Dataset excerpt:
□ □ □ □

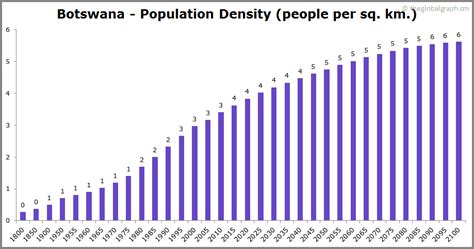 Botswana Population 2021 The Global Graph
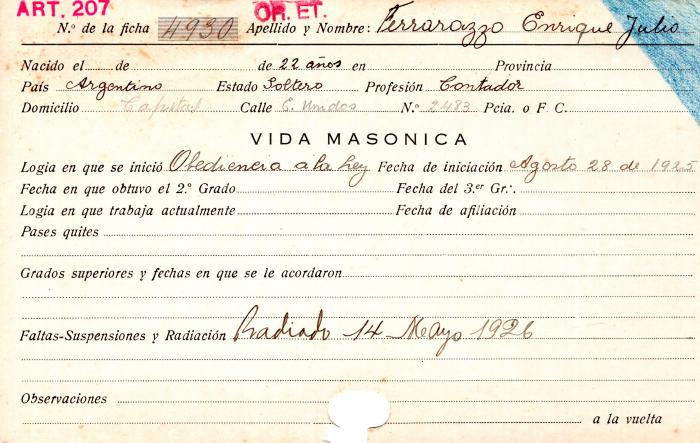 Ficha de miembro de Eduardo Ferrareso.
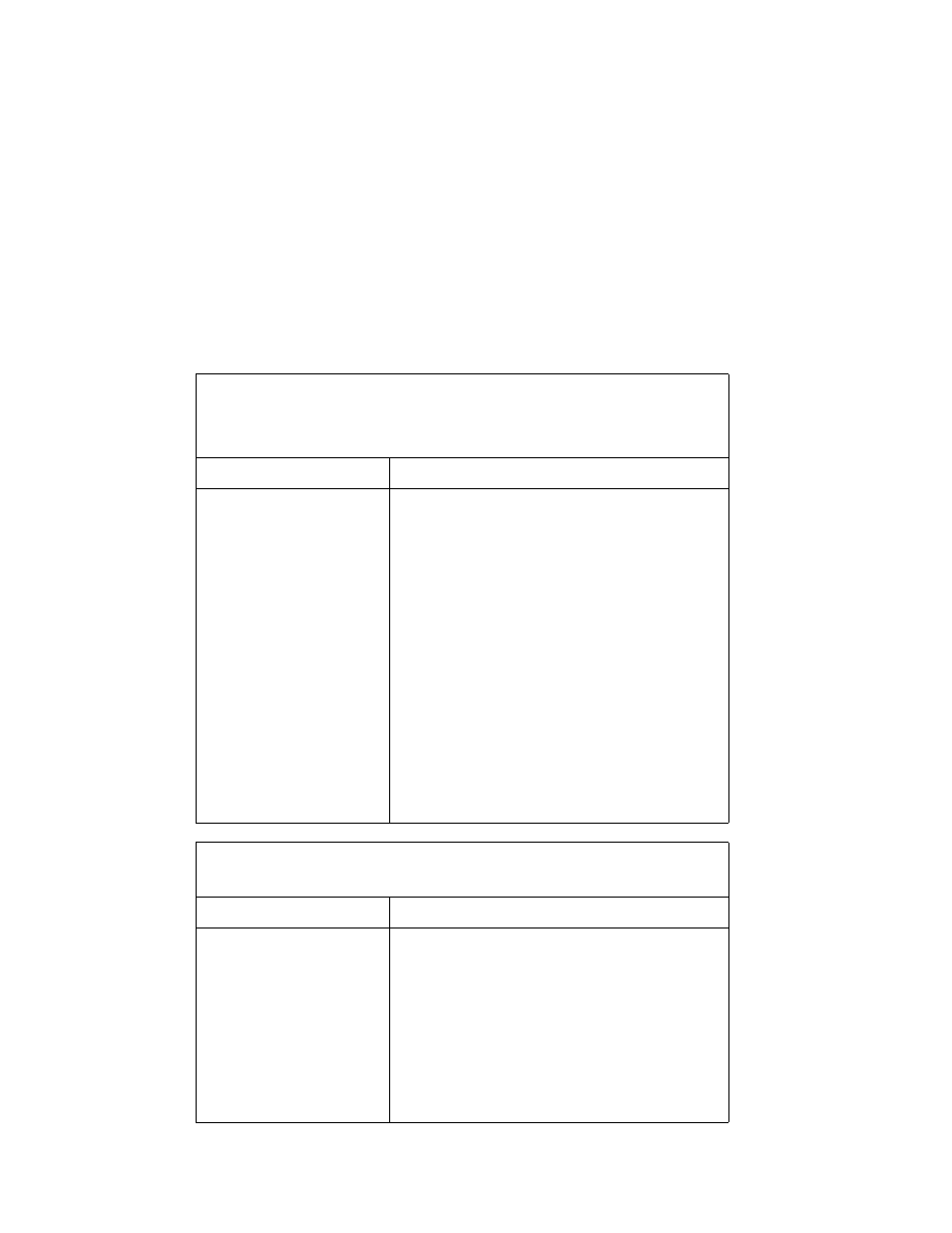 Oil chart, Lubrication chart | Cub Cadet Z-force User Manual | Page 22 / 28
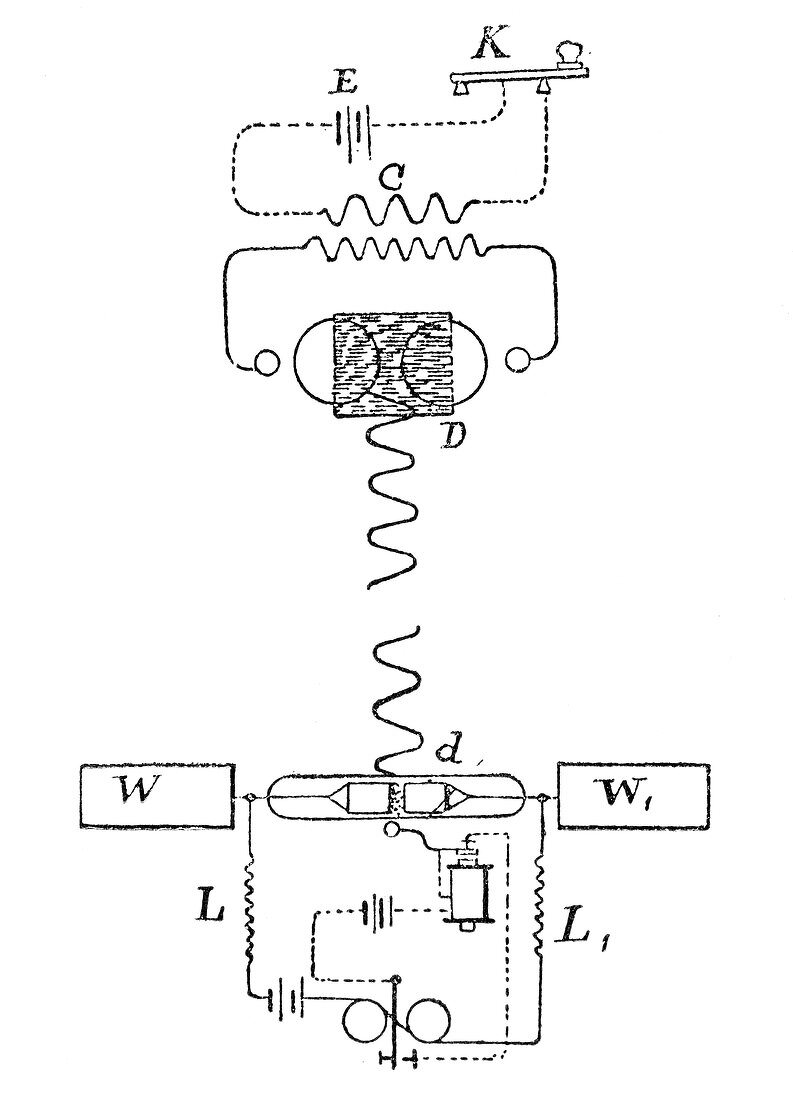 Marconi radio circuits,19th century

□ □ □ □

Instructions to follow: Write out exactly, with no pictures, each line from the one containing "Oil chart, Lubrication" through the last line of the listing above, both included.

Answer below:
 Oil chart, Lubrication chart | Cub Cadet Z-force User Manual | Page 22 / 28
 Marconi radio circuits,19th century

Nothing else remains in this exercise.